Super Typhoon Noru was on course to slam into the densely populated main island of Luzon in the Philippines on Sunday night, with forecasters warning of heavy rains and winds that could cause devastating flooding and landslides.
Noru, which is called Karding locally, is likely to make landfall on Sunday night east of Manila, in Quezon or Aurora provinces, with peak winds of about 190km/h (120mph), according to the Philippine Atmospheric, Geophysical and Astronomical Services Administration.
Noru reached “super typhoon category after a period of explosive intensification”, the agency said. Low-lying, exposed areas along the country’s eastern seaboard were warned of a very high risk of storm surge as high as 2.7m (9ft).
By Sunday afternoon the storm’s eye was about 110km east of the coastal city of Infanta in Quezon province, the state weather bureau said. As the typhoon moves over Luzon overnight, some parts of the province – home to some 64 million people, including in metropolitan Manila and outlying suburbs – were expected to experience heavy to intense rains. Luzon makes up the northern third of the country.
Mario Lastares (34), who sells citrus fruits at the Zapote market in Bacoor city, south of Manila, said he would pack up early, go home and start to fortify his little shanty by the river. He planned to stay behind to protect belongings but have his family go to a community shelter nearby.
“We don’t want another Ondoy,” he said, referring to a storm also known as Ketsana, which dumped heavy rains across Manila in 2009, causing extensive flooding and hundreds of deaths. Coincidentally, this week’s typhoon was likely to hit a day shy of the 13th anniversary of Ketsana’s landfall in the Philippines.
Mr Lastares said he remembered that many were caught unprepared by Ketsana, with neighbours using empty plastic gallons and containers as flotation devices. “We were lucky to have survived that,” he said.
The Philippines’ Office of Civil Defence said Sunday afternoon that fewer than 1,000 people had been pre-emptively evacuated but that local authorities had been working overtime to move people to safety.

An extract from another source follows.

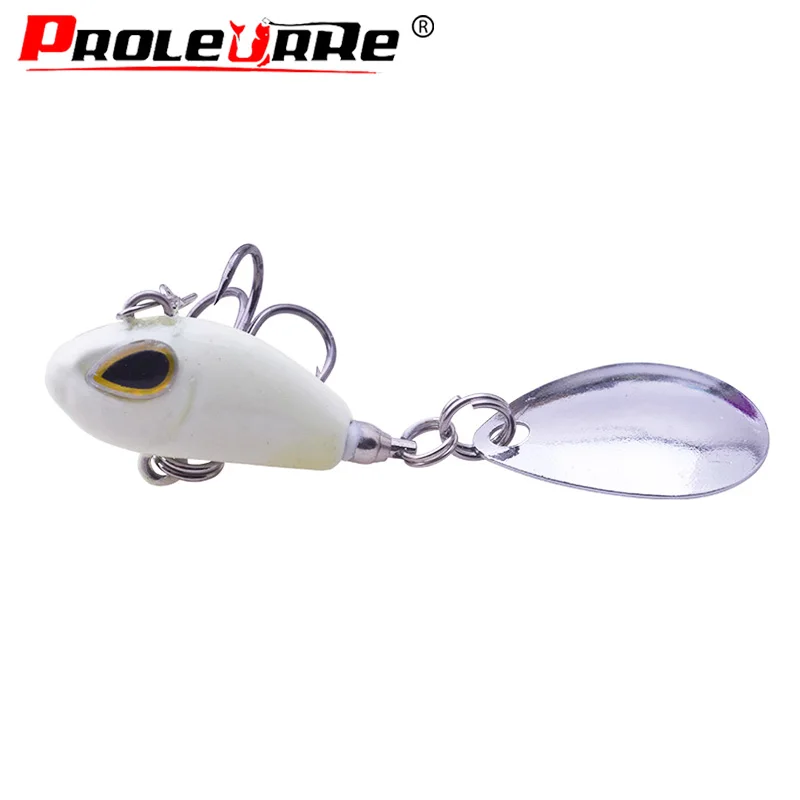 Proleurr 12g Fishing Lures VIB Rotating Spinner Shone Sequin Spoon Baits Wobbers For Fly Fishing Tackle With Feather Hooks Pesca
Proleurr 12g Fishing Lures VIB Rotating Spinner Shone Sequin Spoon Baits Wobbers For Fly Fishing Tackle With Feather Hooks Pesca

Some flights were cancelled, and schools in Manila and surrounding areas were to be closed Monday.
The Philippines is in the Pacific typhoon belt and is struck by an average of 20 storms a year, some of which are devastating. The most powerful storm to hit the country in recent history, Haiyan, was also a super typhoon with winds of at least 240km/h (150 mph). It ravaged the central Philippines in 2013, causing gigantic storm surges and flooding that left more than 6,000 dead.
The terms typhoon, hurricane and cyclone all refer to tropical cyclones; the term applied to a given storm depends on where it originates. Typhoons develop in the northwestern Pacific and usually affect Asia. Hurricanes form in the North Atlantic, the northeastern Pacific, the Caribbean Sea or the Gulf of Mexico.
In the Atlantic, major hurricanes are defined as tropical cyclones with maximum sustained winds of 179km/h (111 mph) or higher and are defined as either category three, four or five storms. But in the Asia Pacific region, there are variations in how individual countries grade typhoons.
The links between tropical storms and climate change are becoming more apparent. Although warming may not lead to more such storms, researchers have found that it has increased the frequency of major ones because a warmer ocean provides more of the energy that fuels them.